There was a time, not too long ago, when many people could only name one, maybe two, poets — often a long-dead White man named William Shakespeare, Robert Frost or Walt Whitman.
In recent years, though, a shift has occurred. Amanda Gorman, after reading her striking poem at President Joe Biden’s inauguration in January, inked a modeling contract and was invited to the Met Gala. Rupi Kaur, whose poetry first became prominent on social media, has appeared on celebrity-dominated “The Tonight Show Starring Jimmy Fallon” and has a special on Amazon Prime. And, for the first time since 1998, the MacArthur Foundation this year awarded its prestigious “genius” grant to three poets: Hanif Abdurraqib, Don Mee Choi and Reginald Dwayne Betts.
Meanwhile, the Lincoln Center, which houses prestigious artistic institutions like The Juilliard School and the New York Philharmonic, named its very first poet-in-residence this year, Mahogany L. Browne.
Though poetry has always existed and experienced waves of acclaim, the genre is finding new prominence in today’s mainstream collective imagination, stripping itself of its previous relegation to sleepy high school English classes.
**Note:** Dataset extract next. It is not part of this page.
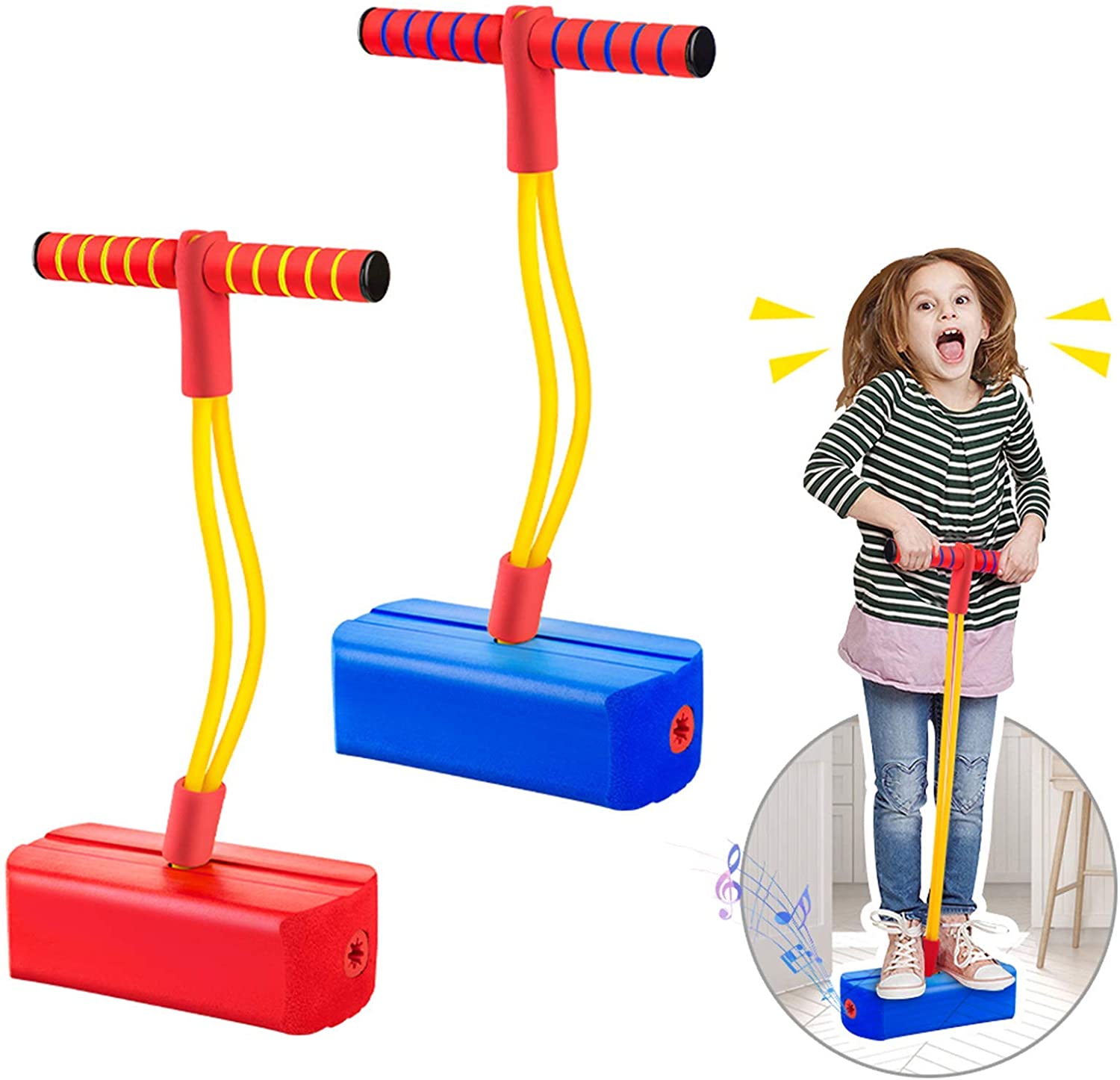 Foam Pogo Stick Bungee Jumper for Kids Outdoor Toys, Foam Bouncing Toy for Kids Age 3 and up, Squeaky Sounds Pogo Sticks Supports up to 250lbs (Blue&Red)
And, for the most part, poets of color are leading the charge.
In the past, poets of color weren’t always supported
Of course, poets of color — from Phillis Wheatley to Sonia Sanchez and Joy Harjo — have long lived and worked in the United States. But Tyehimba Jess, a Pulitzer Prize-winning poet and author of “Leadbelly” and “Olio,” recalled a time in the early 1990s when the idea of getting an MFA in poetry, or even being a working artist and submitting to literary journals, was completely foreign to him.
Then, in 1997, Jess happened upon a flier for Cave Canem, a foundation working to support Black poets in the US. At the time, the foundation was in its infancy, and books by Black poets were few and far between, he said. But being in that community is what first motivated him to follow poetry in a professional way.
“What has happened in the last 25 to 30 years, is that there has been a renaissance of Black poetry and a lot of that is particularly due to the kind of work… of organizations and fellowships such as Cave Canem,” Jess said, also naming organizations like Obsidian, a literary magazine dedicated to work from the African Diaspora, and the Watering Hole, a writing retreat for poets of color from the South.
“All of these organizations have been striving and working through really tough times, mostly on the idea of hope and the urgent belief in the power of the word and also the urgency of poets … bringing parts of our history forward that have been neglected, that have been really ignored for so long,” Jess said.
It is the work of these types of fellowships and organizations, Jess said, that has led to the resurgent moment we’re seeing now.
As writers of color are supported in their work, and they go on to become professors or teaching artists or editors or published authors, they create paths for publishing other poets from marginalized groups. It is the embodiment of “lifting as we climb” — and one reason why it may feel like there are so many poets from marginalized backgrounds seeing mainstream success.
More people are reading poetry, mainly people of color
But poetry, as an art form, might also appeal to writers from marginalized backgrounds more than other mediums. Its inherent rejection of any notion of a straight answer creates room for the messiness of the human experience, said poet Ada Limón, whose latest book, “The Carrying,” won the National Book Critics Circle Award. That space might appeal to certain writers over others.
“For those of us in the between spaces … who are not an easy box to be checked, if your identity is a bit slippery, poetry is the place where you can go to explore that, and it becomes a profound interrogation of who we are as humans,” Limón said. “It’s not just one way or the other, no one is trying to be right … instead the poems are saying ‘Yes, me too,’ ‘Yes, this also.'”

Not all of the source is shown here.